Erano appena le due e Alex e Bob si misero a parlare. Lasciando me e il povero Fred esclusi dalla loro conversazione.
“Tu hai suonato anche l’anno scorso, giusto?” non tolleravo il silenzio. Anche se sono timida non mi spiace riempire, anche con domane stupide, attimi di silenzio imbarazzanti.
“Ehm… Si” si vedeva che lo avevo colto un po’ alla sprovvista.
“Da quant’è che suoni?”
“Circa nove anni. Sai anche mio padre è un bassista è lui che mi ha trasmesso questa passione”
un sorriso sincero affiorò sulle sue labbra.
“Ah wow! Deve essere bello condividere qualcosa di così profondo” Guardare il suo sorriso mi fece sorridere a mia volta.
 
Cominciammo a parlare del più e del meno, delle sue altre passioni, della scuola, e dei suoi impegnatissimi pomeriggi trascorsi per la maggior parte a scuola di musica. Più ci parlavo e più capivo che eravamo molto diversi. Lui fin troppo impegnato e io che passavo i miei pomeriggi a studiare. Pensai solo che poteva nascere una bella amicizia, anche perché lui era nella band del mio migliore amico.
Praticamente suonarono appena per 5 minuti, perché tra chiacchiere varie ormai era ora di tornare a casa.
Il tempo di cenare che subito mi buttai sul letto come se la giornata fosse stata la più pesante dall’ inizio della scuola.

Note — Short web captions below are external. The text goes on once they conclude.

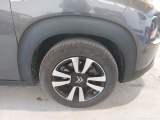  Citroen  C3 CITROEN  AIRCROSS / 2017 / 5P / SUV PURETECH 110 SeS SHINE #17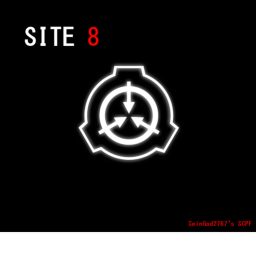 Site - 8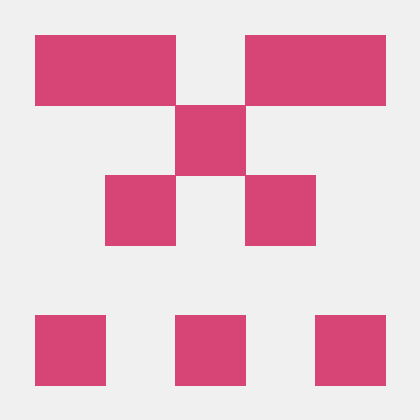 Github Wjyoumans Arb Sys Rust Bindings To The Arb Library - Classic HD Landscape Textures | Free Download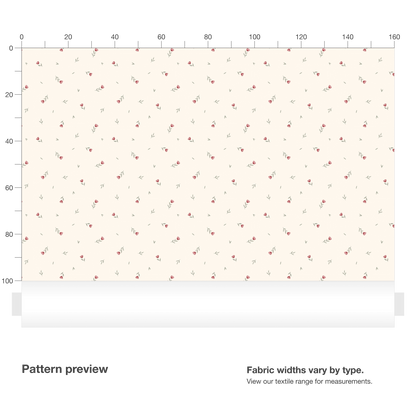 Pattern No. 75375370557600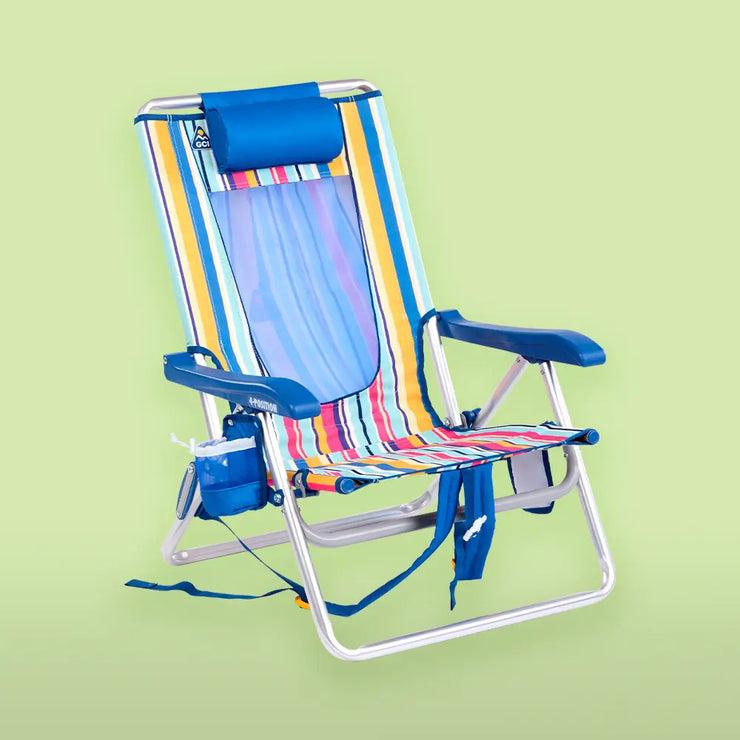 Compact chairs category debug image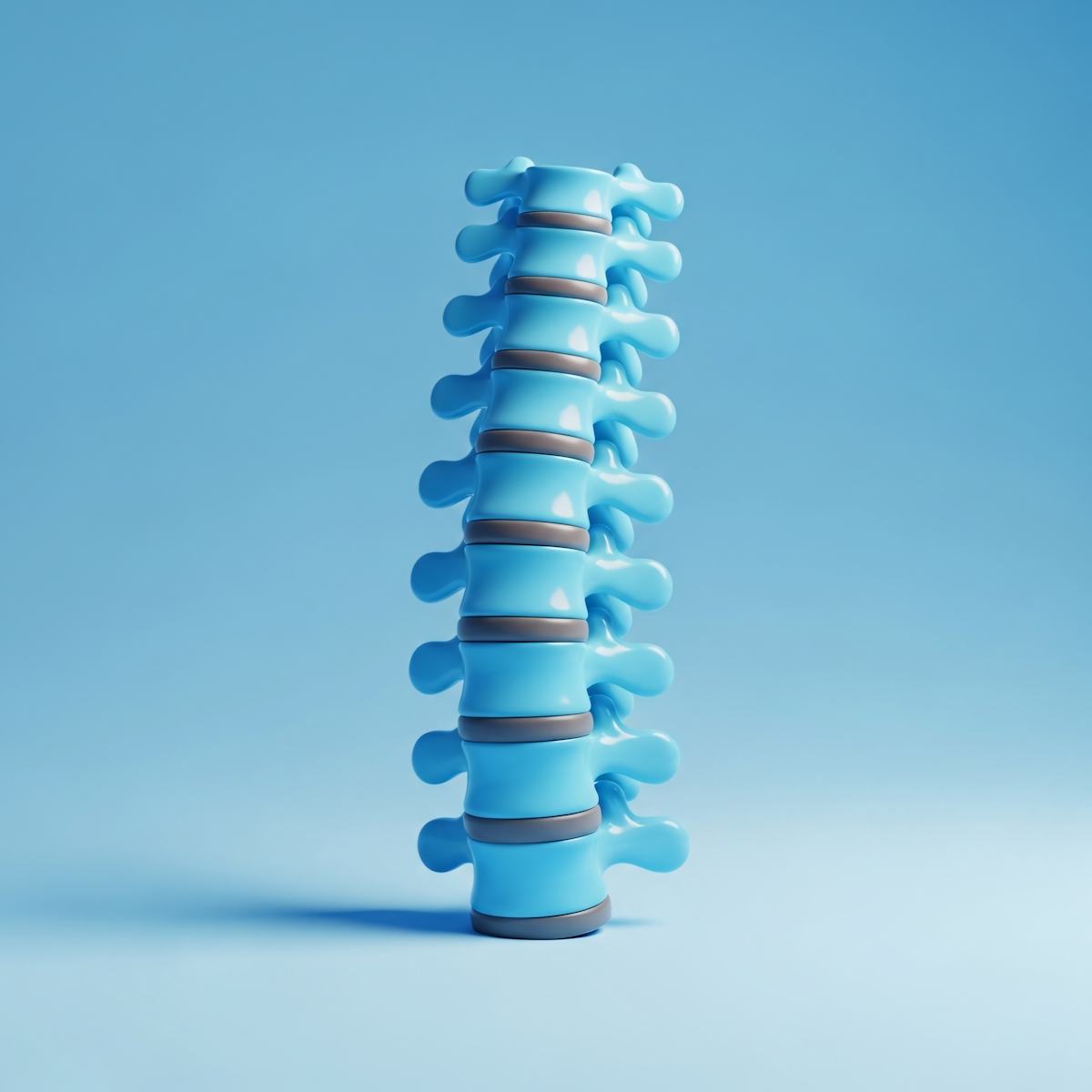 Soins chiropratiques 1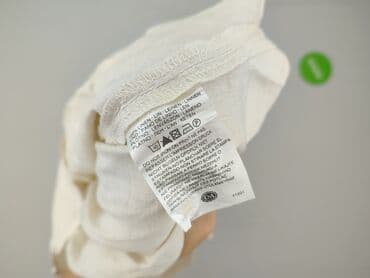 bytom koszule lniane: Koszulа dla mężczyzn, rozmiar L — 6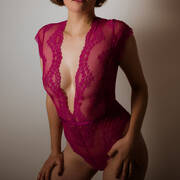 Cato Peeters (Foto #4)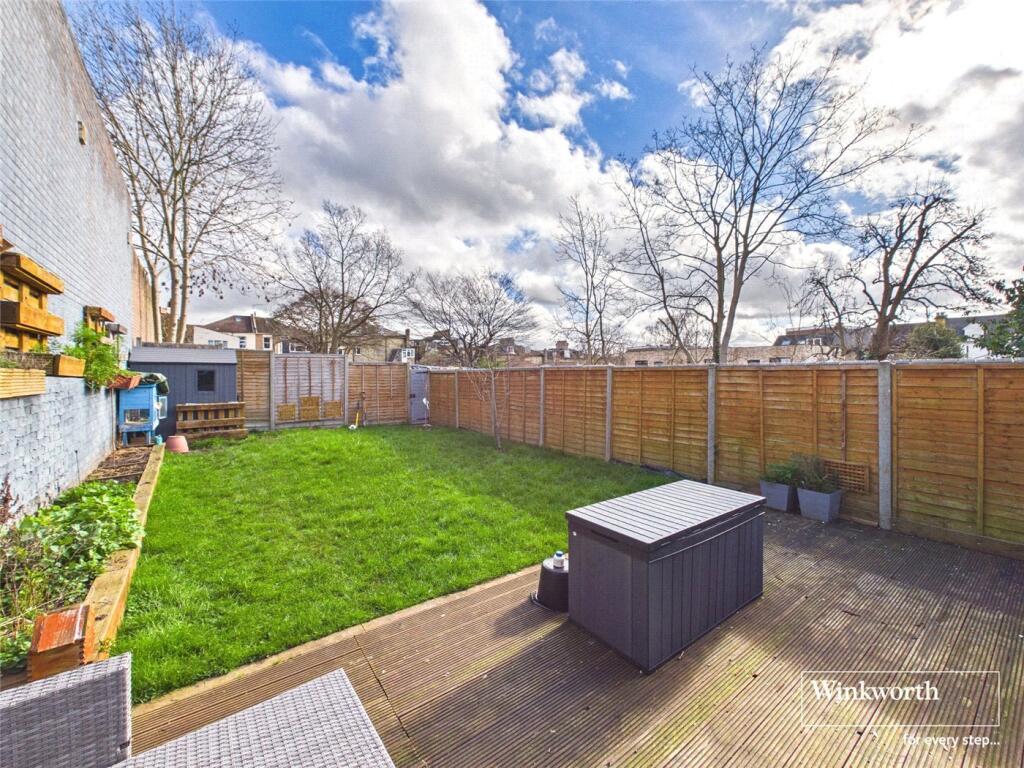 Property photo 9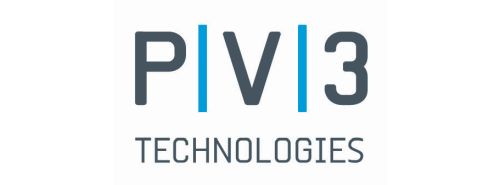Pv3 Technologies
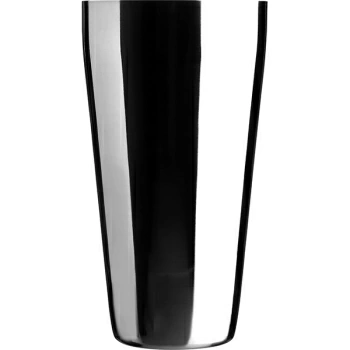 Стакан для шейкера ProHotel смесительный Бостон 900мл нержавеющая сталь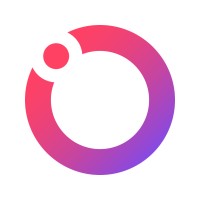 Floater logo - Similar company to Hydna Ab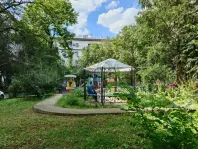 2-комнатная квартира, 51.2 м² - фото 36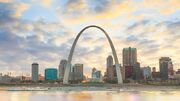 Gatewayarch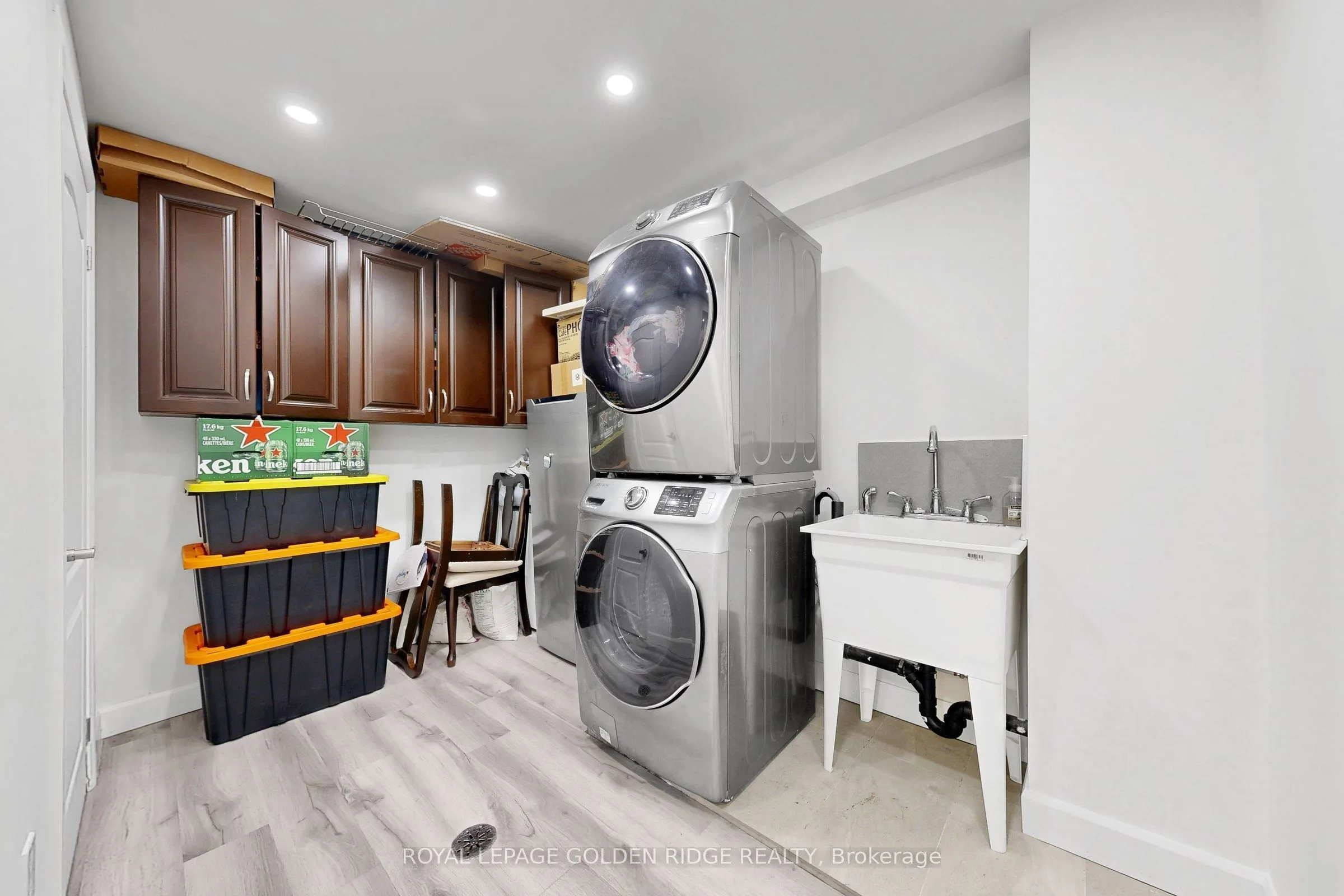 3525 Brandon Gate Drive #45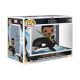 Black Panther: Wakanda Forever - Namor w/ Orca Super Deluxe Pop Ride Figure <font class=''item-notice''>[<b>New!</b>: 3/14/2024]</font>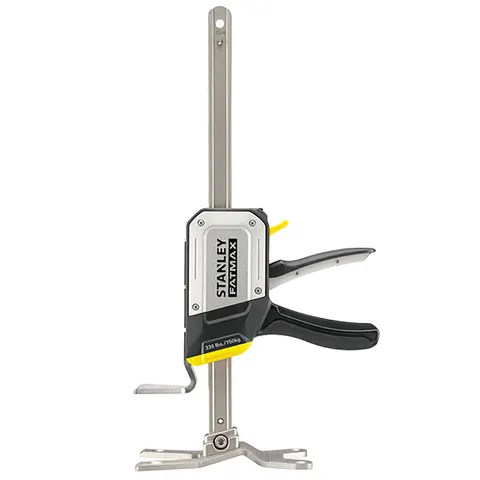 Stanley Fatmax Tradelift Handheld Tool – image 2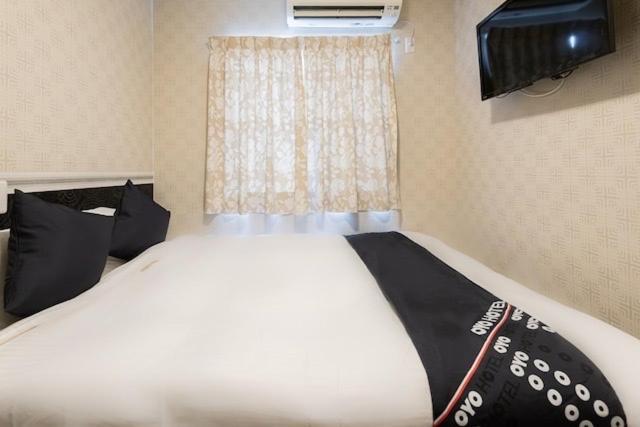 Hotel Sunmarine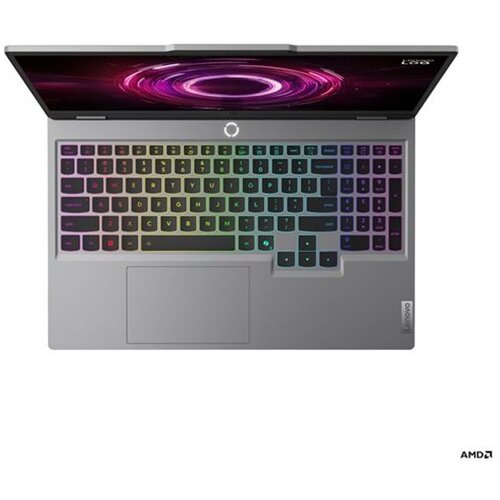 Lenovo LOQ 15AHP10 15.6" Ryzen 5 220 16GB/1TB SSD RTX 5050 Cene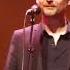 The Divine Comedy Gin Soaked Boy Inc False Starts Barbican London 3 9 22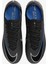 Mercurial Vapor 15 Elite Sg-Pro Ac Erkek Gri Krampon (Çim Zemin) DJ5168-040 4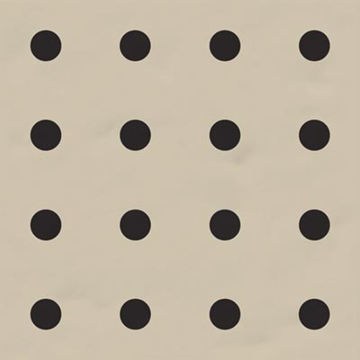 Плитка Chaya Beige 20x20 VIVES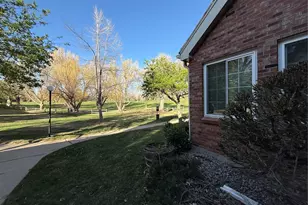 13833 E Lehigh Ave, Aurora, CO 80014 - Photo 15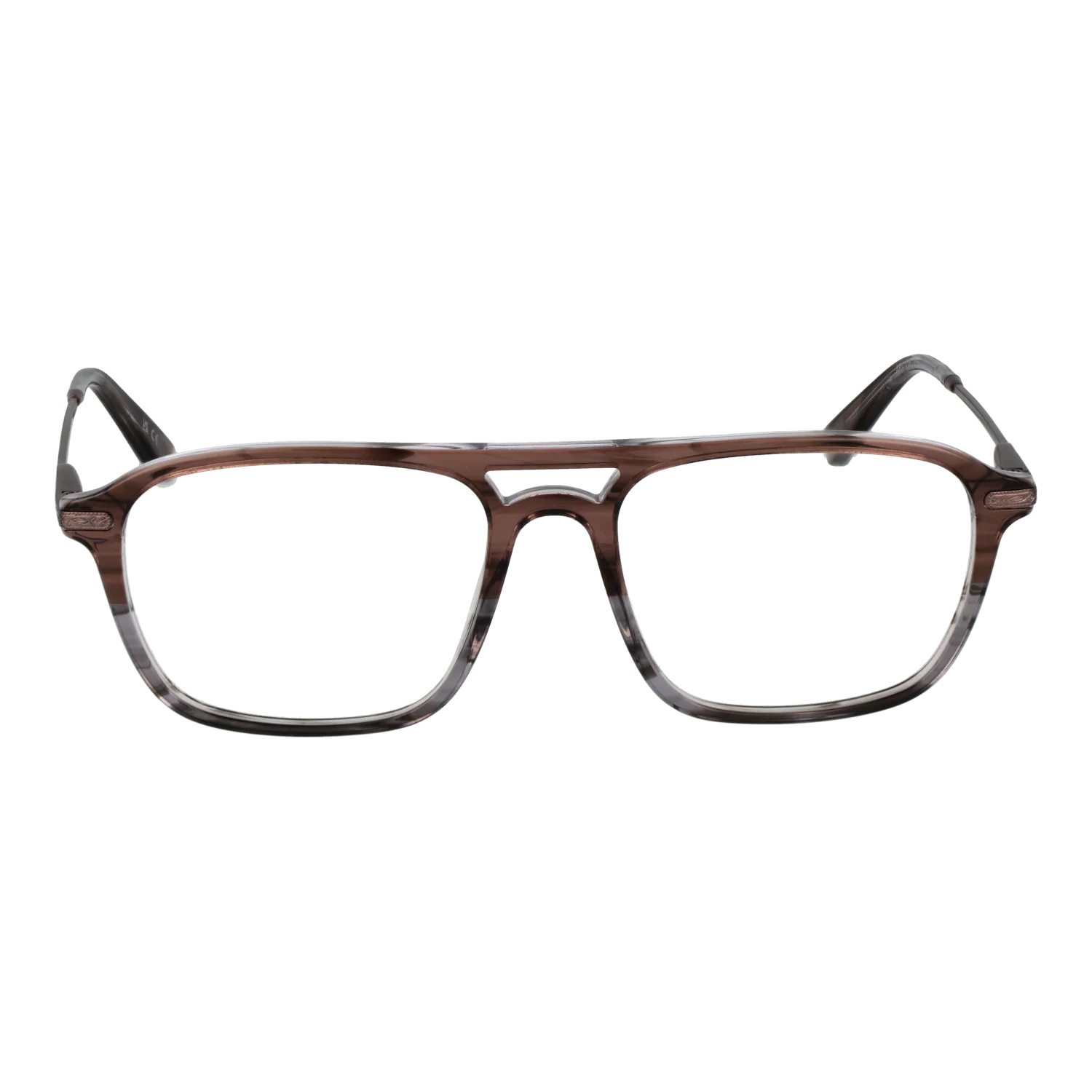 Savile Row SRO 019 - Image 5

L’unico aspetto positivo del mese di Dicembre è che ti permette di accoccolarti sotto il piumone e addormentarti come se fossi avvolta in un caldissimo abbraccio. Una volta chiusi gli occhi, l’immagine di quel sorriso vece ancora capolino nel mio cervello. Pensai che scacciarla era inutile tanto valeva aggrapparsi ad essa e tenerla stretta come la parte migliore della giornata.